Restaurants und Cafés geben in der App ein, wie viele Portionen Essen übrig sind, wie viel sie kosten und in welchem Zeitfenster sie abgeholt werden können. Mealsaver erhält pro Portion einen Euro. Bestellt und bezahlt wird online.

Rund elf Millionen Tonnen Lebensmittel landen in Deutschland jedes Jahr im Müll. Laut einer Studie der Universität Stuttgart macht die Gastronomie rund 1,1 Millionen Tonnen davon aus. Das ist nicht nur vermeidbarer Müll, auch der Anbau der weggeworfenen Zutaten war damit sinnlos – ebenso wie der durch den Transport entstandene CO²-Verbrauch.

Bisher wurden die Ansätze, Lebensmittel vor dem Wurf in den Mülleimer zu retten, von unkommerziell orientierten Menschen vorangebracht: Auf Plattformen wie Foodsharing.de organisieren sich die Freiwilligen, aber auch die Tafeln kümmern sich um nicht mehr verwendete Lebensmittel und teilen sie an Bedürftige aus. Immer mehr Unternehmen sehen in der Kultur des Teilens und der Verwertung von nicht mehr benötigten Waren aber Möglichkeiten, Geld zu verdienen.

Dabei besteht die Gefahr, dass die unkommerziellen Angebote verdrängt werden. Bei der „Mealsaver“-App jedoch scheint diese Sorge bislang unbegründet. Denn auch die nichtkommerziellen Lebensmittelretter bei den Tafeln und in der Foodsharing-Szene stören sich nicht an der neuen App. Die Müllberge aus Lebensmitteln sind in der Gastronomie noch so hoch, dass niemand dem anderen etwas wegnimmt. In Berlin wurde durch die „Mealsaver“-App bislang erst etwa eine Tonne Essen vor dem Wegwerfen gerettet.

Für Ralf Taubenheim, dem Geschäftsführer der Hamburger Tafel, ist die neue App keine Konkurrenz: „Aus organisatorischen und logistischen Gründen holen wir in Restaurants und Cafés kein Essen zum Austeilen ab“, sagt er.
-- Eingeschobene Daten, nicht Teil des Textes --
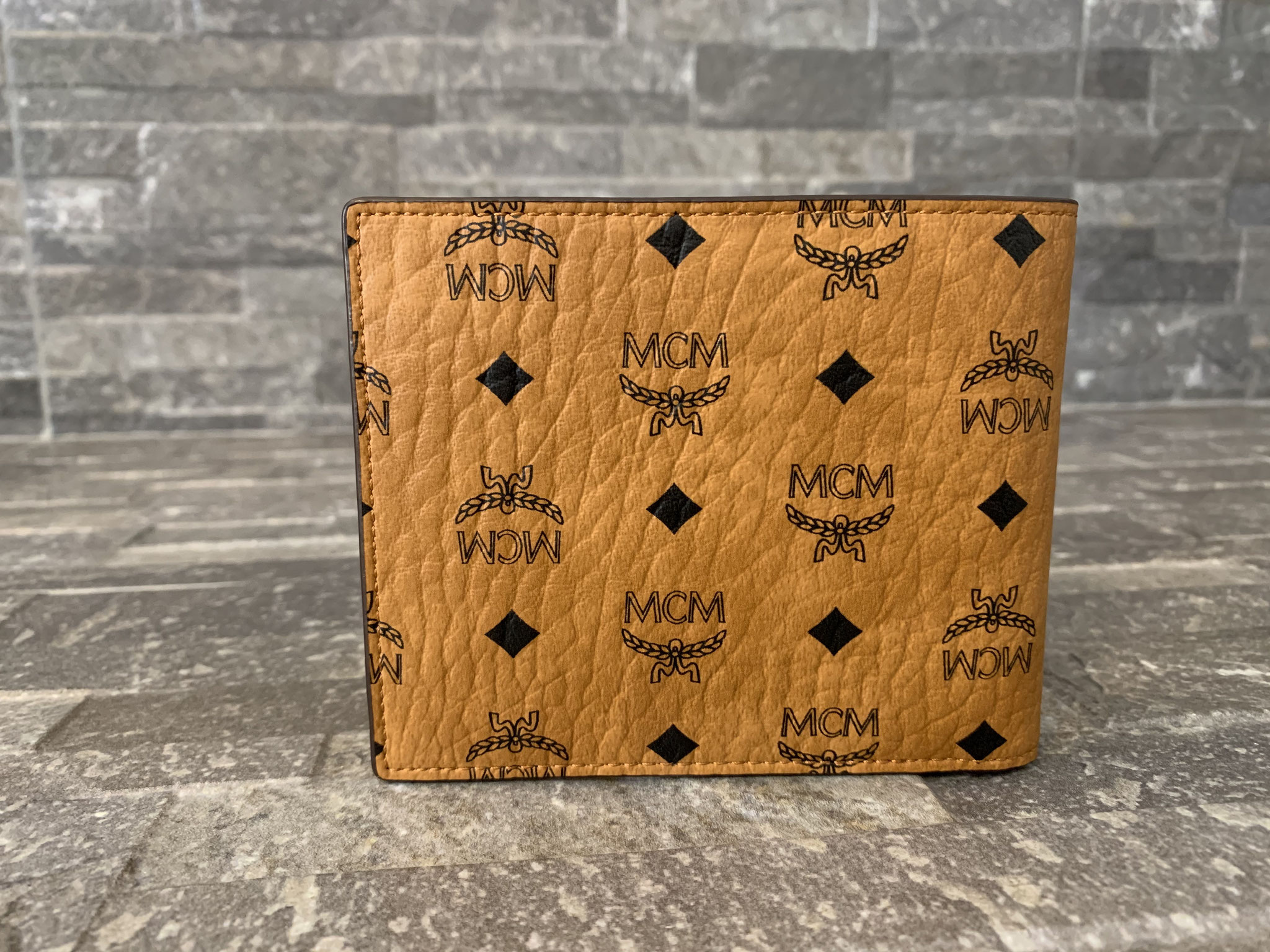 MCM Mini Visetos gefaltete Brieftasche mit Münzfach in Cognac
Hygienevorschriften seien bei zubereiteten Gerichten andere als für Waren aus Supermärkten und Bäckereien. „Außerdem können wir unseren Ehrenamtlichen nicht aufbürden, spät abends noch Essen abzuholen“, sagt Taubenheim.

Für die Tafel ist die neue App keine Konkurrenz

Auch aus Sicht der Foodsharer gibt es keine Bedenken gegenüber der App. „Es gibt sogar schon einen Kooperationsvertrag“, sagt Raphael Fellmer, der die Internetplattform Foodsharing.de mitgegründet hat. Man habe sich in Berlin darauf geeinigt, dass das Startup-Unternehmen Restaurants, die bereits mit den „Foodsharern“ zusammenarbeiten, nicht abwirbt.

„Wir sind sehr froh, dass sie den Kontakt zu uns gesucht haben und offen für unser Anliegen waren“, freut sich Fellmer. Schließlich liege das gemeinsame Ziel in der Müllvermeidung. „Das ist dann einfach ein anderer und ergänzender Ansatz“, sagt Fellmer. Und für Gastronomen sei es eben auch attraktiv. So retteten die Mealsaver die Lebensmittel vor dem Ladenschluss – und die Foodsharer danach.